Codeinone
- Names: IUPAC name 3-Methoxy-17-methyl-7,8-didehydro-4,5α-epoxymorphinan-6-one

Identifiers
- CAS Number: 467-13-0;
- 3D model (JSmol): Interactive image;
- ChEBI: CHEBI:18399;
- ChEMBL: ChEMBL257627;
- ChemSpider: 4573639;
- ECHA InfoCard: 100.006.716
- KEGG: C06171;
- PubChem CID: 5459910;
- UNII: 22B5AW0ANN;
- CompTox Dashboard (EPA): DTXSID70196909 ;

Properties
- Chemical formula: C_{18}H_{19}NO_{3}
- Molar mass: 297.35 g/mol

= Codeinone =

Codeinone is an isoquinolone alkaloid found in the opium poppy. As an analgesic, it is one-third the potency of codeine.

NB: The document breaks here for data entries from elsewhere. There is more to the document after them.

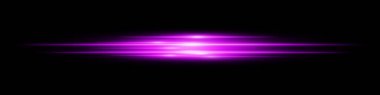 Mor enerji ışını. Parlak yatay çizgiler, katmanlı ışıltı ve siyah arkaplan üzerinde ışıl ışıl bir etki. Güç, bilim kurgu, hareket, teknoloji, gelecek tasarım için harika..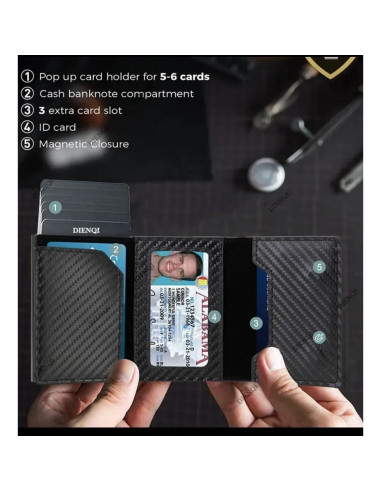 Cartera Trifold de Cuero Negro para Hombres con Soporte AirTag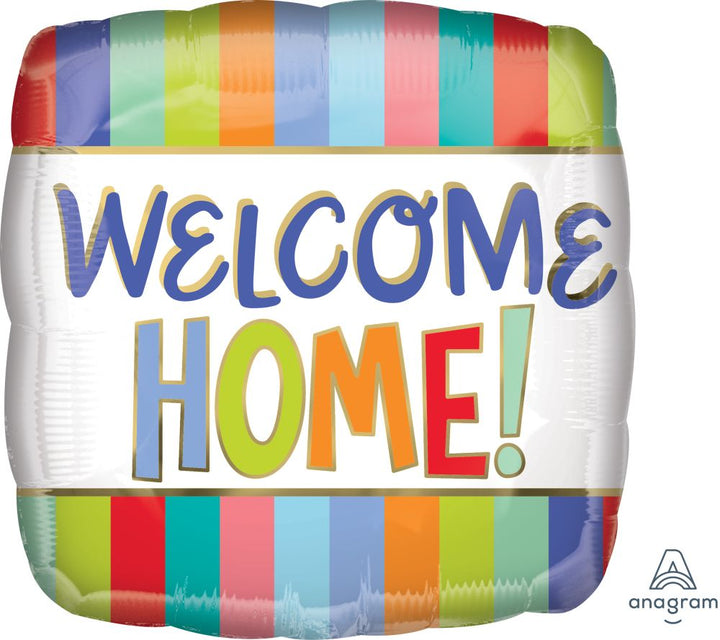 Welcome Home Stripes Mylar Balloon, 18"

It is an important intermediate in the production of hydrocodone–a painkiller about three-quarters the potency of morphine–as well as of oxycodone, though the latter can also be synthesized from thebaine.

==Chemical structure==
Codeinone can be described as the methylether of morphinone: 3-methyl-morphinone.

Codeinone can be also described as the ketone of codeine: codeine-6-one.

==Apoptotic activity ==
Through renewed interest into possible anti-tumor activities of some of the opium alkaloids and derivatives, unrelated to their antinociceptive properties and habit-forming effects, the oxidation product of codeine has been found to induce cell death in three different human cancer cell lines in vitro.